Matthew and Jack interned with Novetta’s Machine Learning Center of Excellence during the summer of 2019. This blog series discusses ADSynth, an app that creates a digital architecture diagram from a photo of a whiteboard sketch.
ADSynth leverages numerous image processing techniques to properly translate a whiteboard sketch into an editable, digital architecture diagram. These techniques are used to ensure that all detected components are connected and formatted correctly.
This post describes how we utilized our YOLOv3 object detection model predictions in conjunction with the image of the whiteboard sketch to obtain a clean, presentable graphic ready for insertion into a design document.
The process of going from model predictions to an editable graphic is best separated into two steps. First, the architecture diagram must be defined given our model’s predictions. Then, an editable representation of the architecture diagram must be created and formatted properly.
Defining the Architecture Diagram
An architecture diagram can be represented as a directed vertex-edge graph with AWS components as vertices and connections between those components as edges.
Recall that our model makes predictions on the existence and relative positioning of arrowheads and AWS components in the initial whiteboard drawing. Substantial information about the architecture diagram can be obtained directly from these predictions.

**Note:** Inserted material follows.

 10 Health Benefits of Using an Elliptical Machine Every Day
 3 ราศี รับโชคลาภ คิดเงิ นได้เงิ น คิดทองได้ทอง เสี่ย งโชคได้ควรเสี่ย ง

Since all connections between components must be drawn with a single arrowhead to indicate directionality, the number of connections in the sketch must equal the number of arrowheads. Also, by determining the closest component to each arrowhead using our model’s locality predictions, we know which component each connection is directed to. In other words, we can identify the endpoints of all edges and (from the model’s predictions of the existence of components) all vertices in the graph.
The last piece of information needed to define the architecture diagram is the origin of each edge, which cannot be determined directly from the model’s predictions. For this, we needed to use the initial image of the whiteboard sketch.

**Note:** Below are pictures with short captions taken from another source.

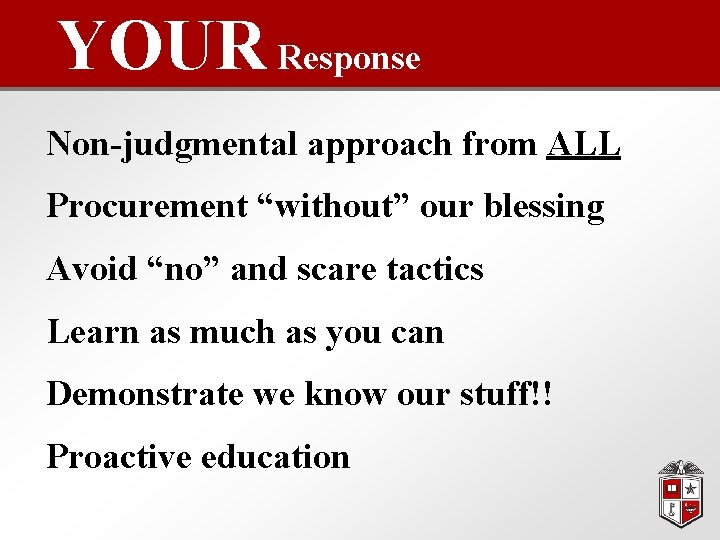 YOUR Response Non-judgmental approach from ALL Procurement “without” our blessing Avoid “no” and scare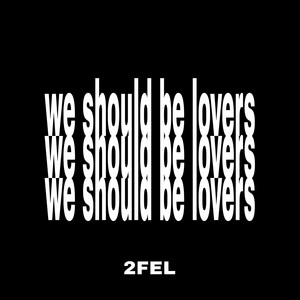 we should be lovers by 2FEL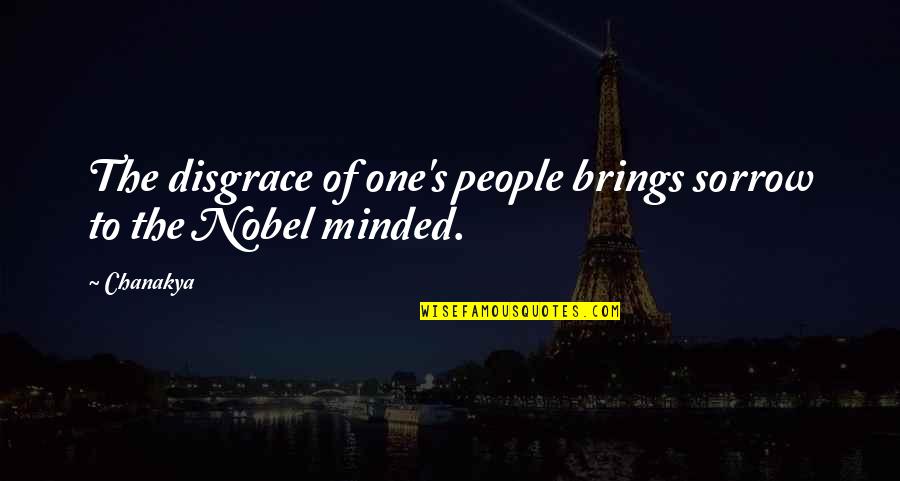 Untrustable Person Quotes By Chanakya: The disgrace of one's people brings sorrow to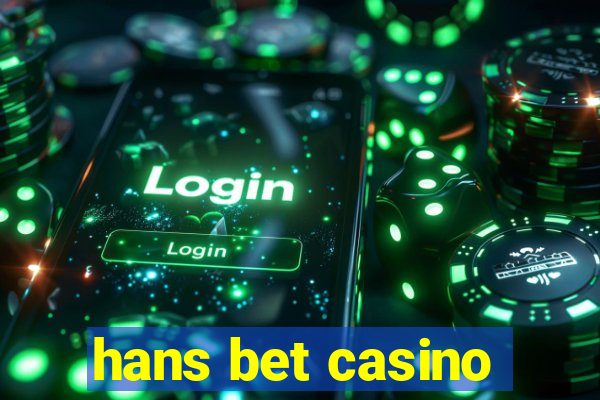 hans bet casino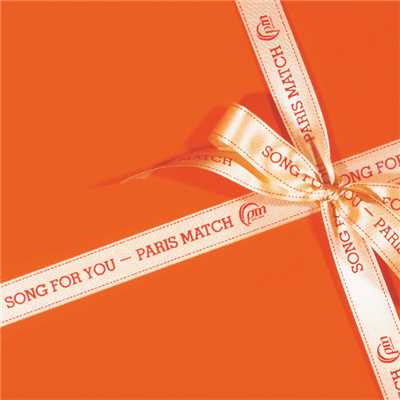 アルバム/SONG FOR YOU/paris match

The initial image of the whiteboard is represented programmatically as a three-dimensional array where each pixel in the image has three associated values corresponding to a color channel in RGB colorspace (red, green, blue). Our initial goal was to turn this complicated representation into a more intuitive one, a binary image, where each pixel is either black or white. In this representation, black represents marker and white represents the absence of marker. This is a simple form of image segmentation.

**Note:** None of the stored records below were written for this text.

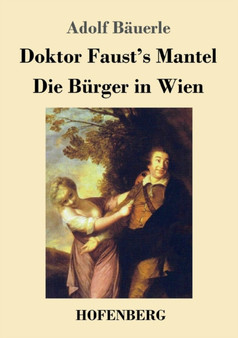 Doktor Faust's Mantel / Die Burger in Wien by Adolf Bauerle - Paperback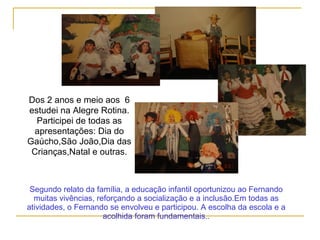 Dos 2 anos e meio aos 6
estudei na Alegre Rotina.
Participei de todas as
apresentações: Dia do
Gaúcho,São João,Dia das
Crianças,Natal e outras.
Segundo relato da família, a educação infantil oportunizou ao Fernando
muitas vivências, reforçando a socialização e a inclusão.Em todas as
atividades, o Fernando se envolveu e participou. A escolha da escola e a
acolhida foram fundamentais..
 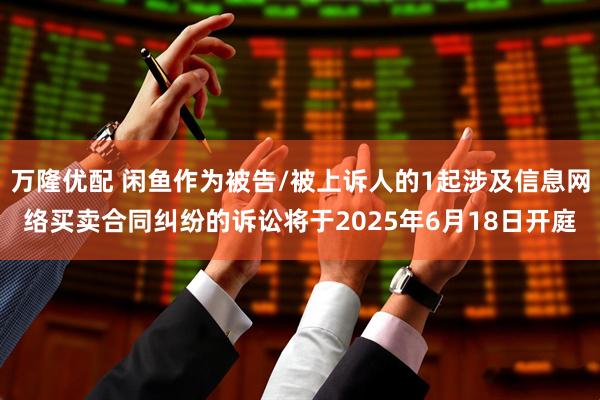 万隆优配 闲鱼作为被告/被上诉人的1起涉及信息网络买卖合同纠纷的诉讼将于2025年6月18日开庭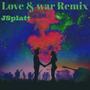 Love & War (Remix) [Explicit]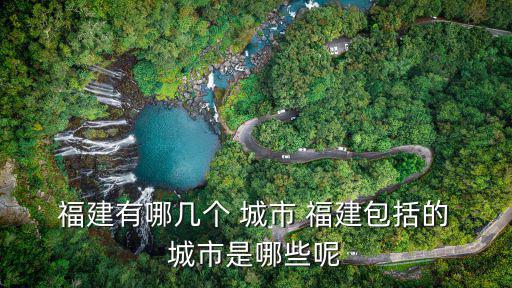  福建有哪幾個 城市 福建包括的 城市是哪些呢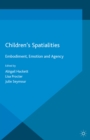 Image for Children&#39;s spatialities: embodiment, emotion and agency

Methods typically used for image segmentation, such as hard thresholding or clustering, yielded inconsistent results due primarily to environments with a lot of shadow or glare. To solve this problem, we first converted the initial image from RGB colorspace into HSV colorspace (hue, saturation, value), a colorspace more closely aligned with how humans perceive color. After separating the image into its HSV channels, thresholding on each, then combining the results, performance improved despite the potential presence of shadows or glare.
We performed thresholding on each HSV channel because each channel is better at distinguishing certain marker colors from the whiteboard. The value channel is good at picking up black marker, while the hue channel typically would miss black completely. The hue channel was better at distinguishing more vibrant colors like blue and red.
Our next challenge was to find the origin of each connection between components in the architecture diagram using the binary image that has been created. To do this, we implemented a novel, parallelizable graph-based image processing technique.
We first converted the binary image into a directed graph where pixels are vertices and adjacent pixels are connected to each other with edges. We assigned weights to the edges of the graph such that edges directed toward pixels with marker were all assigned a small weight (0.1) and edges directed toward pixels without marker were all assigned a relatively high weight (10).
We used Djikstra’s algorithm, a well-known shortest path algorithm which, given a source vertex in a graph, finds the shortest path to all other vertices in the graph. Using the pixel at the location of each arrowhead determined by our object detection model as a source, we discovered the “distance” from each arrowhead in the architecture diagram to every component. Since pixels with marker were weighed so low in relative terms, the shortest path would always be the one that traversed the most marker.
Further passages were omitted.